Monday, 14 December 2009

On Black History Month

Black History month (BHM) is perhaps now as ubiquitous in Britain’s inner cities as it is in the USA. The Americans have theirs in February and we have ours in October. It is one of the better ideas we have borrowed from our African American cousins. Here in the UK community organisations, colleges, schools, trade unions and local authorities have all embraced the idea.

For some local authorities, BHM is an opportunity to tick race equality boxes and earn brownie points. Others approach the occasion with the seriousness it merits. The London boroughs of Camden, Lambeth, Lewisham and Southwark jointly hosted a number of films this year, including one on HIV and another on climate change. Even the venerable V&A museum had a ‘black heritage season’ between August and November. Their events included a talk on Paul Robeson and Othello; a Caribbean film festival; a carnival arts lecture; story telling; and a jewellery making workshop.

Given the popularity of BHM, it was inevitable that it would become more than an annual series of events focussing on our collective past. The fact that it has become a bandwagon embracing all kinds of cultural and educational programmes does not diminish its importance. The Voice, the sole national black newspaper, publishes important historical facts and publicise events, as did their erstwhile rival, the New Nation throughout October. We also get, every October, the annual list one hundred most important black Britons – a list which some would argue is arbitrary.

‘Why is BHM important?’ I was asked that question by a student at the Bridge Academy in Hackney at an event I shared with talented wordsmith and actor, Bashy. I replied, ‘Because we’re British and black history is a very important part of British history.’ I should have added, ‘and because the subject is not taught in schools and institutions of higher learning.’ This is where we differ from the Americans. The year 2009 marked the 40th anniversary of the establishment of African American and Black Studies in the USA. It was fought for and won during the black power struggles of the late 1960s; Cornell University the main battleground.

A few years ago, after a poetry reading somewhere in New York, a member of the audience asked me if BHM had become as commercialised in England as it had become in the USA. Not knowing the extent of the alleged commercialisation, I paused before replying, ‘Not quite.’

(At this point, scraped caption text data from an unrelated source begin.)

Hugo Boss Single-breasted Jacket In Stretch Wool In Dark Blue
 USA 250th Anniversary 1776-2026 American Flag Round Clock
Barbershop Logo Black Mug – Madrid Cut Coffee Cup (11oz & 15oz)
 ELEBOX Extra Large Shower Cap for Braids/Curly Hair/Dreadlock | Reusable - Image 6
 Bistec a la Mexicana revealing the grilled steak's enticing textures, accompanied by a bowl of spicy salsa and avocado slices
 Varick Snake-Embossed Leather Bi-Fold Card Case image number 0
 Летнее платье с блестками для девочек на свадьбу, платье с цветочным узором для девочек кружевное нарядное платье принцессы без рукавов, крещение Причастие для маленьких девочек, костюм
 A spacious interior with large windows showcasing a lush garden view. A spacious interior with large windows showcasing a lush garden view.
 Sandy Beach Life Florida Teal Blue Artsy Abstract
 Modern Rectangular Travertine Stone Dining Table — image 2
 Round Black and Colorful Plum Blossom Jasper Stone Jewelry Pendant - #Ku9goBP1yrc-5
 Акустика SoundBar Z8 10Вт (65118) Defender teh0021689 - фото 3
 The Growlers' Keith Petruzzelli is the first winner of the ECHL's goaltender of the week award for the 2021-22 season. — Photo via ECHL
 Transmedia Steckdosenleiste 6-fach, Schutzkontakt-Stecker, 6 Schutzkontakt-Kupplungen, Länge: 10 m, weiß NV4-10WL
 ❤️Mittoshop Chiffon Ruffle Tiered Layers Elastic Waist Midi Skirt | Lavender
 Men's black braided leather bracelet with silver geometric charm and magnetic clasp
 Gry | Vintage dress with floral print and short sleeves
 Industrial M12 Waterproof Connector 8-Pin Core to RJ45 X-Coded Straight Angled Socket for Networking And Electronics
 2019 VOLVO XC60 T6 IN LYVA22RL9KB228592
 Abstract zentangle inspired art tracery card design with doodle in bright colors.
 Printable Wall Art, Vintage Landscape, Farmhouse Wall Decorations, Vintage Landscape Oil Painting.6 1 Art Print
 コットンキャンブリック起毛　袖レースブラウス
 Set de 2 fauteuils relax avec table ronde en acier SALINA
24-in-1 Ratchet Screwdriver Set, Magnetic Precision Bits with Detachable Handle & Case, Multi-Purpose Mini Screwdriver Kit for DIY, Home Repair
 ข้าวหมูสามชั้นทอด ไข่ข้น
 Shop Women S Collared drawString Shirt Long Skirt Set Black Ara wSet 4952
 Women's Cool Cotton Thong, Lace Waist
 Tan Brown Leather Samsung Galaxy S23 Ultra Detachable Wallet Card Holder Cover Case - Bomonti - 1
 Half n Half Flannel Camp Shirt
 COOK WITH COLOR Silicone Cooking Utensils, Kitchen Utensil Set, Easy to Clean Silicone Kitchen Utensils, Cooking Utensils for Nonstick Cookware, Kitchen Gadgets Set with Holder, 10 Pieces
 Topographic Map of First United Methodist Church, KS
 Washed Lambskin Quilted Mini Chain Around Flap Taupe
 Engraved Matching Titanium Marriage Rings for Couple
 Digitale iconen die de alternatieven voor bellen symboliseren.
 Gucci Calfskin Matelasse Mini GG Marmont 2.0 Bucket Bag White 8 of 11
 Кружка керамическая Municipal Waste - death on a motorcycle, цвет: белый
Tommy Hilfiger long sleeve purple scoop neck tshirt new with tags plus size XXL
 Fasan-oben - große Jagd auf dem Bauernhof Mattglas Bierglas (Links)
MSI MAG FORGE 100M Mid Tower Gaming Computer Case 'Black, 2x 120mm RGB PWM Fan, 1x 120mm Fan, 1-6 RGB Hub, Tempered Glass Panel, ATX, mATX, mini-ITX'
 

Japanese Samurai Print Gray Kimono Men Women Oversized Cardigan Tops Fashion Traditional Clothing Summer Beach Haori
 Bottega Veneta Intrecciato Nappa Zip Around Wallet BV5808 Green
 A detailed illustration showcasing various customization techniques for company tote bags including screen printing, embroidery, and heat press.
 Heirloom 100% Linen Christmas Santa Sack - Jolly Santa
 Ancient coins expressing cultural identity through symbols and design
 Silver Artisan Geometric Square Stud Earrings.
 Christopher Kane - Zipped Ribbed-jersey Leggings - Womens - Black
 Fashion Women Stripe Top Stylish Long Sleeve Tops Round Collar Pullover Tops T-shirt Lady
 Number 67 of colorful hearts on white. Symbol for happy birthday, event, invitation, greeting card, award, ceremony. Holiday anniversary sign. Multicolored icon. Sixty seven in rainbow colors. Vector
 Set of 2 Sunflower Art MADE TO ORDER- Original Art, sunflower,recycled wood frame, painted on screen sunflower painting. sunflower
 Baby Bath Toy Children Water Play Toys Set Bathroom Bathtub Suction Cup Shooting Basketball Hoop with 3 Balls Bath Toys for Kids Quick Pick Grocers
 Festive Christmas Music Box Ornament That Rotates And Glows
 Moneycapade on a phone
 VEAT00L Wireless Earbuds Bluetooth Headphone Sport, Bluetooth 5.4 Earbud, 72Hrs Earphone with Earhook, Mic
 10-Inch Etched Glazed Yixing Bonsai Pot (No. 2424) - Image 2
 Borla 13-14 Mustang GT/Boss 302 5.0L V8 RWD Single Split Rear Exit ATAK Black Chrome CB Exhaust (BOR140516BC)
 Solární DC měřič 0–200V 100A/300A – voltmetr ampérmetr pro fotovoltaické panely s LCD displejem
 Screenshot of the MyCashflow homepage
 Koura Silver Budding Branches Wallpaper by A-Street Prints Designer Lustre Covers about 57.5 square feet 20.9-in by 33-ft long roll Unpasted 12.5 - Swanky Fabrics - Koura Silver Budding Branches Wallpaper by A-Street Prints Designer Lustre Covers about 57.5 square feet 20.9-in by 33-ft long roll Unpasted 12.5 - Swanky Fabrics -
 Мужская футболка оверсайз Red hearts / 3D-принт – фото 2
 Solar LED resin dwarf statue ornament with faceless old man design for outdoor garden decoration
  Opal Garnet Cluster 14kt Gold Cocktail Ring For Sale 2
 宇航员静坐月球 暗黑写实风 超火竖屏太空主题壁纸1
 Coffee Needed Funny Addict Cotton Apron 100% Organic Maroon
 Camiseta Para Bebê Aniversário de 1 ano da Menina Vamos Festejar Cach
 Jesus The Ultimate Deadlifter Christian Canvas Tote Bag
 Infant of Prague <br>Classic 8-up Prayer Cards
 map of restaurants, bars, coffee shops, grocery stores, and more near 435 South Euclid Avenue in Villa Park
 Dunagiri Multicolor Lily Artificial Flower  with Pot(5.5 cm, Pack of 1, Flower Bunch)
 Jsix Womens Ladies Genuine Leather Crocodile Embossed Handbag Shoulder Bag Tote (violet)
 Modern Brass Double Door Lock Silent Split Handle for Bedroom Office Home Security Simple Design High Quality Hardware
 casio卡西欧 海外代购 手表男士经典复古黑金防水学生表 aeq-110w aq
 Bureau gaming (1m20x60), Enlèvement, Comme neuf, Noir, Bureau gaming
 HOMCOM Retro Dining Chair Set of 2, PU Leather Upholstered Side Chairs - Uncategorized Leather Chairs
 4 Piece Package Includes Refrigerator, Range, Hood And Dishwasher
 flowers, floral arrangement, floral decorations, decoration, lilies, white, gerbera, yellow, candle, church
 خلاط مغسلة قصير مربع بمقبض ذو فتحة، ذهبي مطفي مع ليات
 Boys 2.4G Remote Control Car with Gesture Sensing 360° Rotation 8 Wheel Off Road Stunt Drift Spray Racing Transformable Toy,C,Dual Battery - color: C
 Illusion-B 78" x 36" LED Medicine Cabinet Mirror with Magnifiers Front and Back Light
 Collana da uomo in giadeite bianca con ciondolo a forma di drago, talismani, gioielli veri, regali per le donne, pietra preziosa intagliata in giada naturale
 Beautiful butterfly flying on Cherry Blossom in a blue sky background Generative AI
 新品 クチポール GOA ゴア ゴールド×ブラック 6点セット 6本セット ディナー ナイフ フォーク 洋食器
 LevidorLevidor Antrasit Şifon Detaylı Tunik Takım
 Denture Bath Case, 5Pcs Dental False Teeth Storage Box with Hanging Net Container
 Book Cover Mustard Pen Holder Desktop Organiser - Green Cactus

Saturday, 21 November 2009

Legality, Legitimacy and Vigilance

As we all know, the British National Party is a fascist, racist, xenophobic organisation, dedicated, like its National Front antecedent, to fomenting racial conflict. Their politics of hate has promoted and continues to inspire numerous racist attacks against, and murders of, ethnic minorities in the UK. The vast majority of whites have come to terms with the fact the UK is a multi-ethnic nation and find the views of the BNP abhorent. Hence the furore that erupted when BBC Television decided to offer the BNP's leader, Nick Griffin, the chance to participate in 'Question Time', their flagship programme of political debate. Buoyed by the publicity generated by the BBC's cynical ratings ploy, Griffin has announced his intention to contest the Barking constituency at the next general election, where his party has about a dozen or so local councillors.

The BBC defended its decision to give the BNP a platform on the grounds that the party has significant electoral support and that their inclusion was consistent with its public broadcasting ethos. It is the business of government to ban extremist organisations from pubic media, argued the BBC's Mark Thompson, not the corporation's. Moreover, it was argued, the BBC would find itself in a difficult to defend charge of censorship in the courts. The controversy is all but forgotten but, to my mind, leaves a number of unanswered questions.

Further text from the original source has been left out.